Income tax -  once you are self-employed, none of your income from self-employment should ever be deducted at source. When you send invoices, make this clear. (Especially to local councils and universities. Grrrr.)
Don't be frightened of any of this stuff. HMRC are very helpful and have loads of leaflets. You can phone them with your queries. They may want to take your money but they make it very easy for you to give them the right amount.
Make sure you claim everything you are entitled to. A proportion of fuel bills if you work at home, for example, and many other "use of home" expenses. The information is all there on the HMRC site.
The Society of Authors also have useful leaflets. 
4. How feasible it is to expect to earn a living from writing. Just how flexible do you need to be? How many income streams should a working writer aim to secure? And, how long does it take to build up a reasonable income (I know this will depend on how hard someone's prepared to work)?
It's very difficult to earn a living from writing but much easier if:
  • You also do things like public speaking.
  • You value your expertise enough to charge for it.
  • You are very businesslike in your attitude. See Adrian Mead's blog post here.
  • You are diverse in your writing. The more irons in the fire, the greater the chances. And one thing can lead to another.
  • You write the "right" sort of books - in other words, books that sell in decent numbers. See my post here.
You see, it's not so much about how hard you work, though of course that's important. It's more that some types of writing are likely to earn more money than others. Writing a literary novel? Don't give up the day job. Writing a fantasy series about angels? Much more likely to earn money. Writing children's non-fiction and successful novels for 9-11s? With dragons? Hooray!

So, to answer the specific bits of the question: a) feasible but harder than most people think b) very c) depends on what they are, but three would be a good start d) it depends on what they write.

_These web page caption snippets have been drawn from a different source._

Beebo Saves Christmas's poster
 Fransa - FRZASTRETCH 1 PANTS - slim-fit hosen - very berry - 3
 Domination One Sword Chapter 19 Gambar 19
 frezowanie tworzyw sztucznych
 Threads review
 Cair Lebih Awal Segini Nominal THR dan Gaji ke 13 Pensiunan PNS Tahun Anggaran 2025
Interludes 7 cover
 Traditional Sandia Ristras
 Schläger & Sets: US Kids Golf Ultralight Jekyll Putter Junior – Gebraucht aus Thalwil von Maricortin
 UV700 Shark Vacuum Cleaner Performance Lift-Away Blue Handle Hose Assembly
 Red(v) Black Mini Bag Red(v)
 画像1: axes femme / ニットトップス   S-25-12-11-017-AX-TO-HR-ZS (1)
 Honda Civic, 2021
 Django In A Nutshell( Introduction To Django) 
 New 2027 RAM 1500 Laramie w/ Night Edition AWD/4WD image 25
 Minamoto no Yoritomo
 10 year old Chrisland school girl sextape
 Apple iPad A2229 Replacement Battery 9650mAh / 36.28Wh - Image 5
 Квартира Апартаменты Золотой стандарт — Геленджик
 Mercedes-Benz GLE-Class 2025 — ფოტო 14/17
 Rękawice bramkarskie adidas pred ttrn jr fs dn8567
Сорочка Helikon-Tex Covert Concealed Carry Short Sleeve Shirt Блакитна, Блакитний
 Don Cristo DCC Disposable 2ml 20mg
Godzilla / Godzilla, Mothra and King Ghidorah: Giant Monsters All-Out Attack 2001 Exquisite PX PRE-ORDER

One thing I'd add to that last point, as it is also relevant to the over-riding question of how the money side of things works for authors: the book that you are writing now is a long way from actually bringing you any money at all. Supposing a publisher contacts you TODAY and says he loves it, the contract is probably still some months away, so your first payment can't be till then. Delivery of the finished MS will be some more months away. Publication could be 18 months away. The first royalties won't be computed till at least six months after that, and will need to allow for returns from the bookshops.

Patience is one thing we all need in truck-loads.

Thanks, Suzanne, for your questions!